Preparation and Storage
  • Shipping
    The product is shipped with polar packs. Upon receipt, store it immediately at the temperature recommended below.
  • Stability & Storage
    For long-term storage, ≤ -20° C is recommended. Product is stable at ≤ -20° C for at least 1 year.
Background: CaM Kinase II
Calmodulin Kinase II (CaMKII) is a 500 kDa, 8-12 subunit multimer that belongs to the Ser/Thr protein kinase family. It is ubiquitously expressed and interacts with a very diverse group of substrates. In rat, there are four possible subunits/isozymes ( alpha, beta, gamma, δ) that vary from 480-540 amino acids in length. The alpha - and beta -isozymes predominate in the brain. Each subunit contains a catalytic, autoregulatory, and subunit-association domain.

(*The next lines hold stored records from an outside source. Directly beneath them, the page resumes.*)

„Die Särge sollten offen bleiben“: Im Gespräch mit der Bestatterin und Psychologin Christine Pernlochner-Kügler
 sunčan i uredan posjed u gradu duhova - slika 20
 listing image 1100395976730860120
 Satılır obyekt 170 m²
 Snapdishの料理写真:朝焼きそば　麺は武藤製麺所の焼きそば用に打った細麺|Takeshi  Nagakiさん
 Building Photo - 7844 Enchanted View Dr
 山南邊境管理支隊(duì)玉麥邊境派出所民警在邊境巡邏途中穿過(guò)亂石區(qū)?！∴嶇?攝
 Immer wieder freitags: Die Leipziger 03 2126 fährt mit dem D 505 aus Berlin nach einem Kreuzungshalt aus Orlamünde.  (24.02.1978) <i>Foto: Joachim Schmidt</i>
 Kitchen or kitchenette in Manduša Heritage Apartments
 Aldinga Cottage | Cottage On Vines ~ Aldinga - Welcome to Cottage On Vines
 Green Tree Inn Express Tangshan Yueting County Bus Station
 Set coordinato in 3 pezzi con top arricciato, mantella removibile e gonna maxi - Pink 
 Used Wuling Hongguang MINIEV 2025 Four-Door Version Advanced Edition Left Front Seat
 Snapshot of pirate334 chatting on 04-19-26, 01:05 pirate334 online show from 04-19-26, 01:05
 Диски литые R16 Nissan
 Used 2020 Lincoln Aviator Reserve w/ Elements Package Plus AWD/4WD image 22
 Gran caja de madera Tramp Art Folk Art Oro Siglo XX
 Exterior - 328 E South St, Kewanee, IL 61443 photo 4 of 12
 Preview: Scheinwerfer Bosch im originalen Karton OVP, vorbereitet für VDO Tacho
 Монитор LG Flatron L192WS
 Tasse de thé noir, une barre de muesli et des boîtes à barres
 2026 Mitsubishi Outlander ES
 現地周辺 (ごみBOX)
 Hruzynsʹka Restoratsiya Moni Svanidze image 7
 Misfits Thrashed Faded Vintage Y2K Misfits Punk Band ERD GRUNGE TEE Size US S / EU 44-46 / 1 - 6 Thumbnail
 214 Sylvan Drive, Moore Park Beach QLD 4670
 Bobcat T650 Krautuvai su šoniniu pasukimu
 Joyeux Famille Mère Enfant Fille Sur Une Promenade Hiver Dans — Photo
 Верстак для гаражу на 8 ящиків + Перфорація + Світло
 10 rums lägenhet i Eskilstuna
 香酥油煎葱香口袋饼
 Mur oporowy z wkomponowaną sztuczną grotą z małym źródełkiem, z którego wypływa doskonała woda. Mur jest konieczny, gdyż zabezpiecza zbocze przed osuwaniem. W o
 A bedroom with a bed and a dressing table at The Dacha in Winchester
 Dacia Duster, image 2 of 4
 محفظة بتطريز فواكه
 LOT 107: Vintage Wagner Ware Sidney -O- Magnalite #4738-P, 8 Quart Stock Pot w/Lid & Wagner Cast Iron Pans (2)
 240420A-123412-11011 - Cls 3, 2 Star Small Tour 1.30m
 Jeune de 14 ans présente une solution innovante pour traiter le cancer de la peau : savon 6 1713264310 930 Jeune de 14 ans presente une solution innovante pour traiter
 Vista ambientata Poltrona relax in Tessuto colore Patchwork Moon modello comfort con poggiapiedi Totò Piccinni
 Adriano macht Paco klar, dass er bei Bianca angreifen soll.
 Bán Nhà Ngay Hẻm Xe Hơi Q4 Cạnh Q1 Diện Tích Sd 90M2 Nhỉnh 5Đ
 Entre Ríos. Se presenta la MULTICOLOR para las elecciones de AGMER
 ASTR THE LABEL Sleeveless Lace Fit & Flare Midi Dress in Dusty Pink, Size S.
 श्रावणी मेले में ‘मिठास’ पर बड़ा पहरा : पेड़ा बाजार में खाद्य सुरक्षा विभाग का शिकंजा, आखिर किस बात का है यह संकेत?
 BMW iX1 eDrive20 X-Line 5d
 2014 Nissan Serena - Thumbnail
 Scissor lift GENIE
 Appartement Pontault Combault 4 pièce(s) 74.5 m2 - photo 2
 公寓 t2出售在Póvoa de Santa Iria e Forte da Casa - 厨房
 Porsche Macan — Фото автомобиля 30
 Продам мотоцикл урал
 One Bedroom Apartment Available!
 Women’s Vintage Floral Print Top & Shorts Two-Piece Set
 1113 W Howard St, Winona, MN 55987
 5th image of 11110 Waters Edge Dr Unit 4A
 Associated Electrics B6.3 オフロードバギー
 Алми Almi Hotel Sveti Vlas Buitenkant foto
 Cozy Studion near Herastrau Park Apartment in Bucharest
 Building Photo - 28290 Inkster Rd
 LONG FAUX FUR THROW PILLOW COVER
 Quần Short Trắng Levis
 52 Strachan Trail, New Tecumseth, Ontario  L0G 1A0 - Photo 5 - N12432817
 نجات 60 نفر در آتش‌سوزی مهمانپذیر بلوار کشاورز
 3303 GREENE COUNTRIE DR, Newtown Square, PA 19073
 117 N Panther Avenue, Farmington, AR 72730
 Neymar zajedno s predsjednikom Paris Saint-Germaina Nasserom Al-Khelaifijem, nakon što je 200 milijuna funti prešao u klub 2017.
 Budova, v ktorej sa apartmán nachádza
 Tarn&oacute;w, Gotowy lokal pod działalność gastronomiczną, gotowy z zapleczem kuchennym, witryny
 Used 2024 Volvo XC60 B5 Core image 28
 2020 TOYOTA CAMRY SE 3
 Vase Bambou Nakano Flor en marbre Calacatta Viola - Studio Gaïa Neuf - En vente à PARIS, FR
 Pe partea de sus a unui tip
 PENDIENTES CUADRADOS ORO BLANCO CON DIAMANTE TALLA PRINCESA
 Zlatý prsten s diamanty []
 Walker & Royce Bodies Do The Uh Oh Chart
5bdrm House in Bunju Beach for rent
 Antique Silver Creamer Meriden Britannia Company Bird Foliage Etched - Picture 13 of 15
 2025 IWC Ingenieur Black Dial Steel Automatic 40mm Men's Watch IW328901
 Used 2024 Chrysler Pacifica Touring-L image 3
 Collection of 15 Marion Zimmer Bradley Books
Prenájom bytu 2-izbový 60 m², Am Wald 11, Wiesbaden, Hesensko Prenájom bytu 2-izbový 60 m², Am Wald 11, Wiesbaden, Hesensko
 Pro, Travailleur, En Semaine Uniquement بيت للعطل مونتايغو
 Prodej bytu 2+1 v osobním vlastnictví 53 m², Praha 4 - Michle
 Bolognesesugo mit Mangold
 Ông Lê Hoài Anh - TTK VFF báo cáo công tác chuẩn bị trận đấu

The enzyme complex is inactive, due to the association of an internal pseudosubstrate motif with each subunit’s catalytic domain. CaMKII is regulated by calmodulin (CaM), an intracellular receptor for calcium. Following an influx of calcium, two Ca++-CaM complexes interact with inactive CaMKII at the autoregulatory site of two adjacent CaMKII subunits. This dissociates the catalytic site from the pseudosubstrate motif, allowing for the auto(cross)-phosphorylation of T286 on one alpha -subunit (T287 on a beta -subunit) by the catalytic site on an adjacent subunit. The T286 phosphorylation event blocks a reassociation of the catalytic domain with the internal pseudosubstrate motif, resulting in prolonged activation. Once activated, an autoinhibitory program ensues. The dissociation of Ca++-CaM from CaMKII exposes a threonine at position 305. CaMKII autophosphorylation of threonine at this site downregulates existing CaMKII activity.
  • References:
    1. Griffith, L.C. (2004) J. Neurosci. 24:8391.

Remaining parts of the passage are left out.